(Given data)
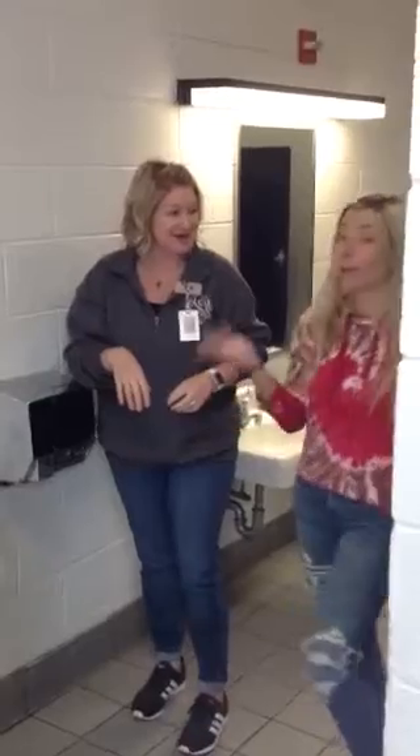Thank you for that demonstration. We hope that people can hear you singing Happy Birthday two times — two times — in between the fingers, fingertips, your fingernails. I hope that you learned something new today about washing hands. And just remember, it's not about the amount of soap that you use. It's how fast you rub those hands. That's why you can sing Happy Birthday a little bit faster if you want — the faster you go, the more friction.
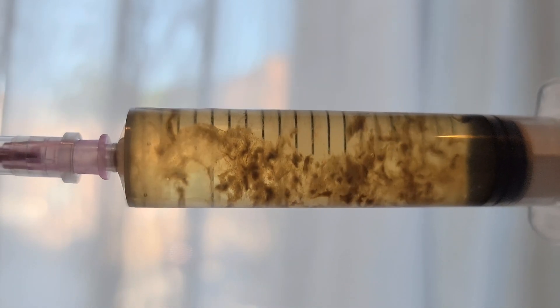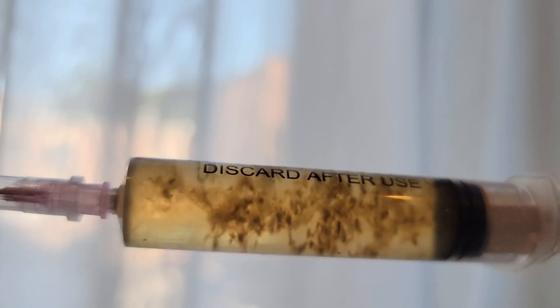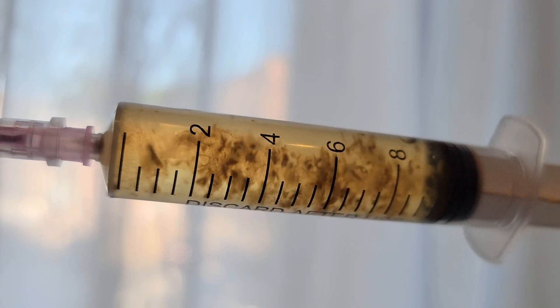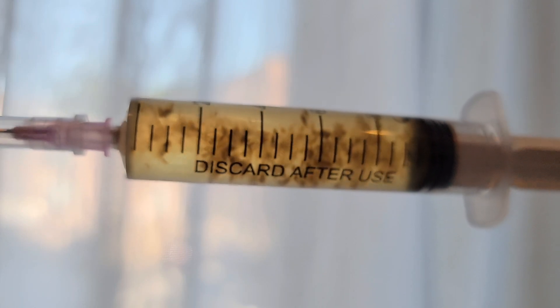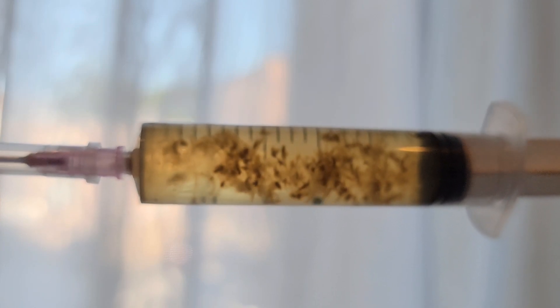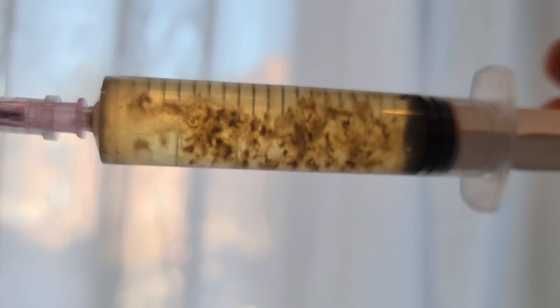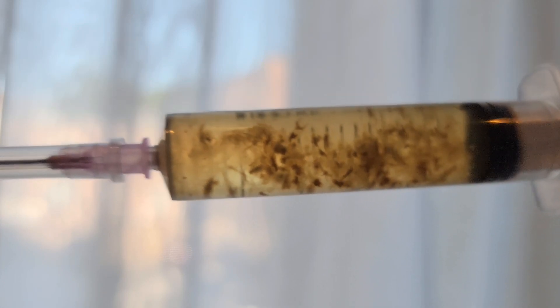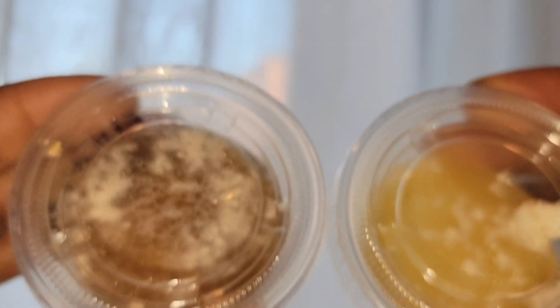We're going to look at how to do that, starting with step one: the culture. This is Hericium erinaceus on a liquid culture. The liquid is only water and honey. The mixture I use is 1.5 cups of water to a tablespoon of honey. The mycelium will last on this for well over a year, but it's suggested not to keep it on liquid culture too long — I would suggest either slanting it up or putting it on agar.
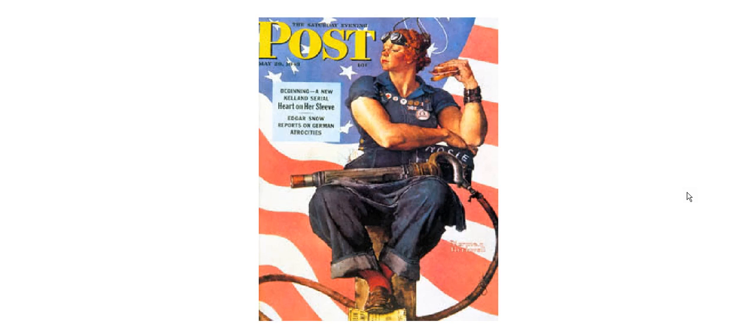What are we looking at? Well, most of you will recognize the artist as Norman Rockwell, the great illustrator for the Saturday Evening Post. And this is the cover of a wartime post — May the 10th, 1943.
(End Given data)
Task item
Your task is to repeat only the lines from the line containing "We're going to" through the final line of the material, inclusive; do not include pictures.

Answer to this exercise
We're going to look at how to do that, starting with step one: the culture. This is Hericium erinaceus on a liquid culture. The liquid is only water and honey. The mixture I use is 1.5 cups of water to a tablespoon of honey. The mycelium will last on this for well over a year, but it's suggested not to keep it on liquid culture too long — I would suggest either slanting it up or putting it on agar.
What are we looking at? Well, most of you will recognize the artist as Norman Rockwell, the great illustrator for the Saturday Evening Post. And this is the cover of a wartime post — May the 10th, 1943.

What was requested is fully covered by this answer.